• [Task goal]: Only the number should be given: how many lines below contain "Reference".

[Data records Boundary: Start]

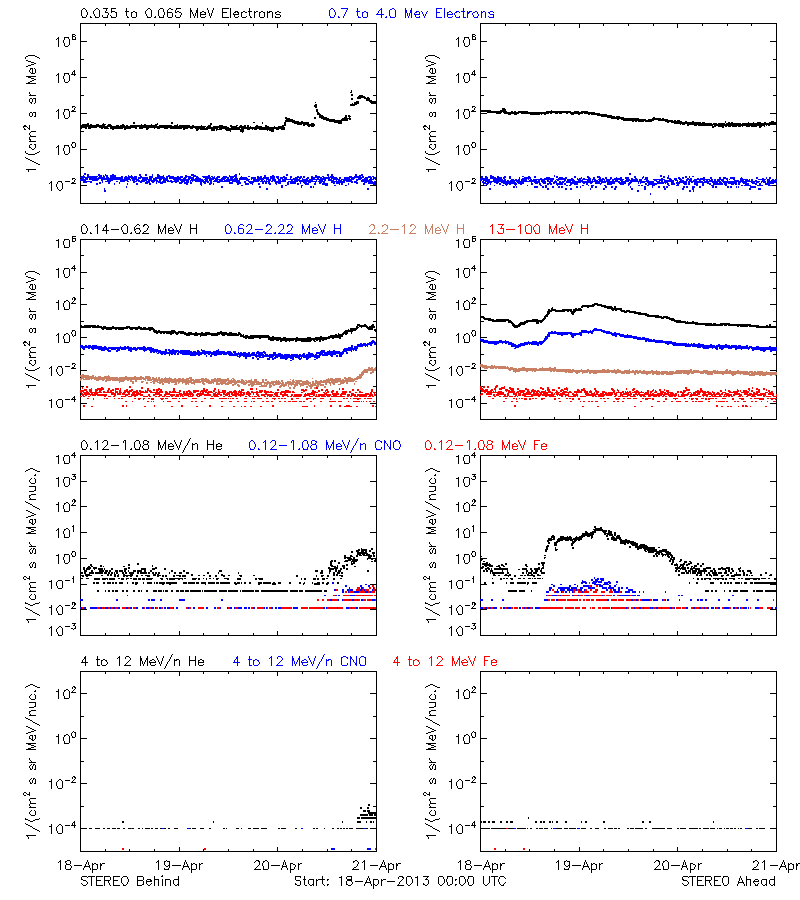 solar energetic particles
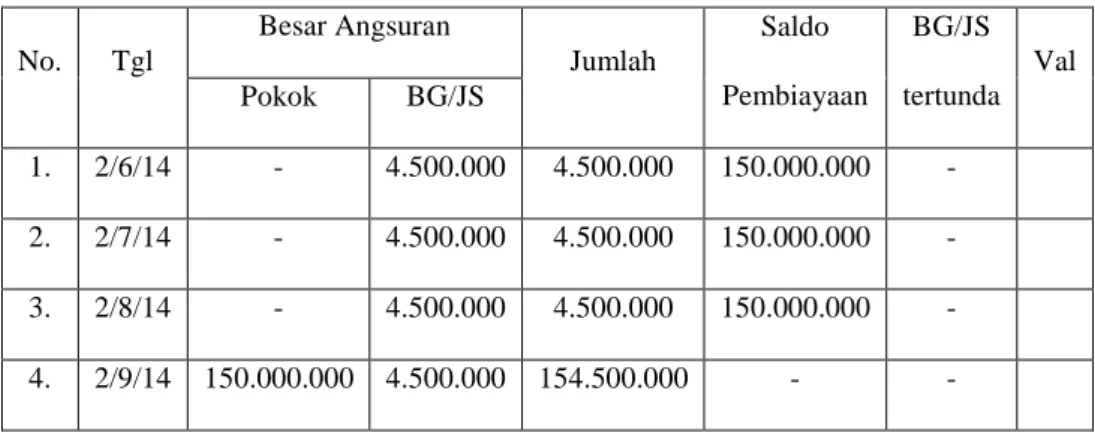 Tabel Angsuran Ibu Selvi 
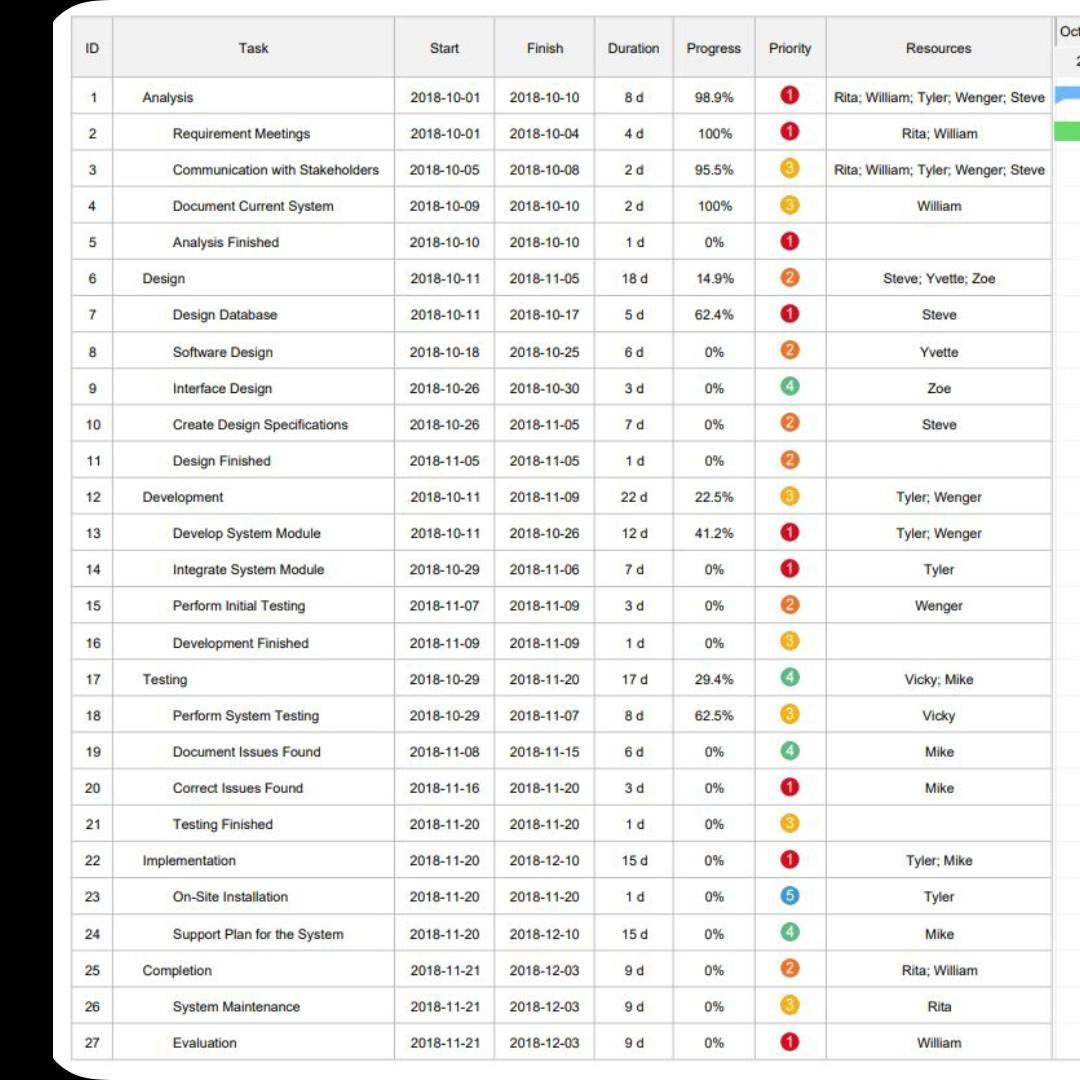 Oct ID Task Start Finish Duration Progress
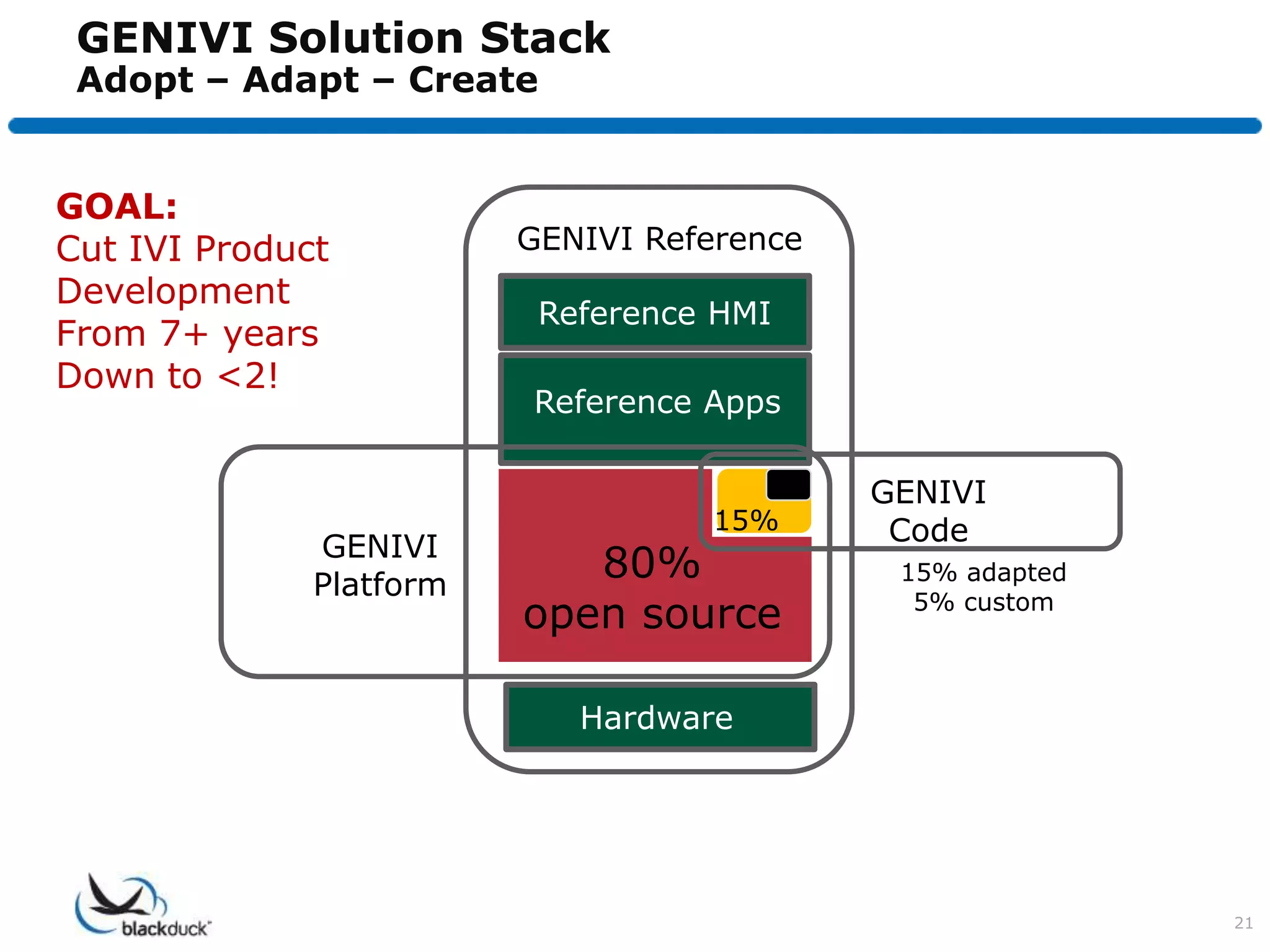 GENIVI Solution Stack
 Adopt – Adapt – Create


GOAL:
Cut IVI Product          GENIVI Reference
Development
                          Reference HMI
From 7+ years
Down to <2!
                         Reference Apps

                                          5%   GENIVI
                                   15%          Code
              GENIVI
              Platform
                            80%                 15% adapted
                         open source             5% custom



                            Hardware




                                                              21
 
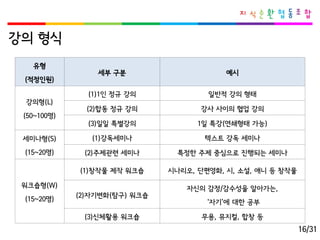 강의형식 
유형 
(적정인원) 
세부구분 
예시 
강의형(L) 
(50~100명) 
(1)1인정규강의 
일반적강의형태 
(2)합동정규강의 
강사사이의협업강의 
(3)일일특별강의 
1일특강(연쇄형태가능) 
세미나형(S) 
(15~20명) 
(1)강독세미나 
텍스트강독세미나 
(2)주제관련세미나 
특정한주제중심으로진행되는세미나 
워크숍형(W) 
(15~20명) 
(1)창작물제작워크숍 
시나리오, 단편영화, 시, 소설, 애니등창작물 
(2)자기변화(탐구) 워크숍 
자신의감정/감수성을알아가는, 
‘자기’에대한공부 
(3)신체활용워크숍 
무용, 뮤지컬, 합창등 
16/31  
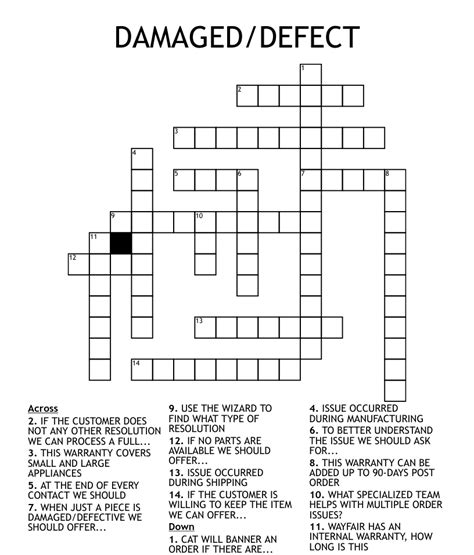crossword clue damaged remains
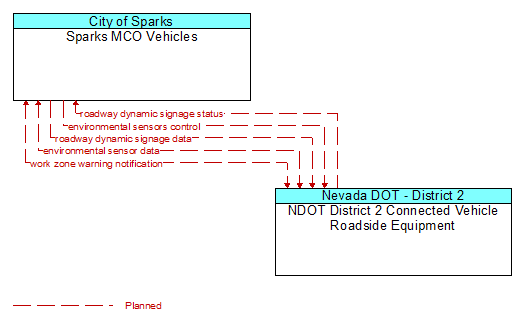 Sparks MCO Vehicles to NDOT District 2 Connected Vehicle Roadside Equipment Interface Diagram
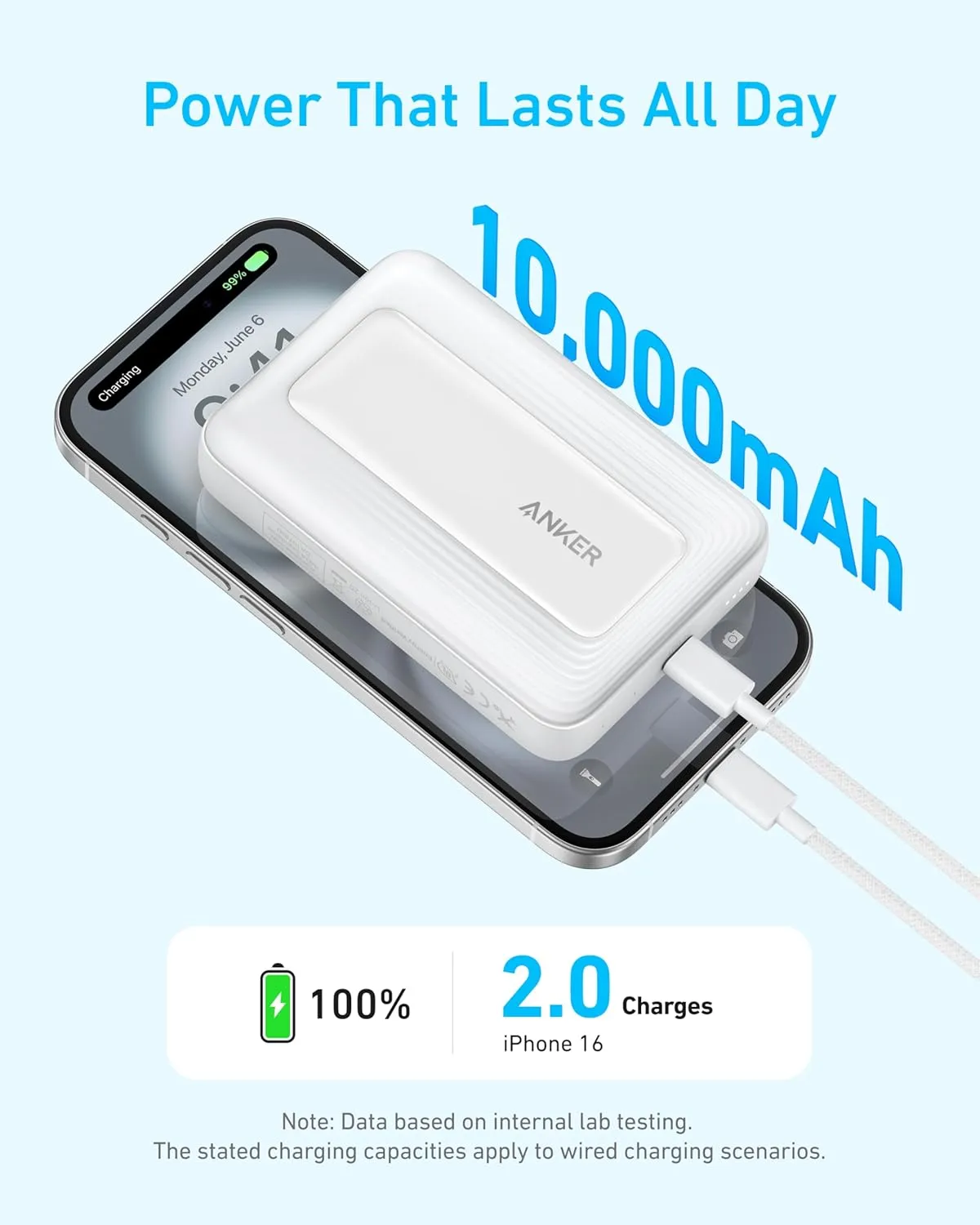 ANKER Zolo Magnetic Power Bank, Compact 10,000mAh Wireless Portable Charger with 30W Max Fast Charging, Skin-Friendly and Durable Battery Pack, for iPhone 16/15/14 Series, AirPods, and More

[Data records Boundary: End]

• [Response below]: 3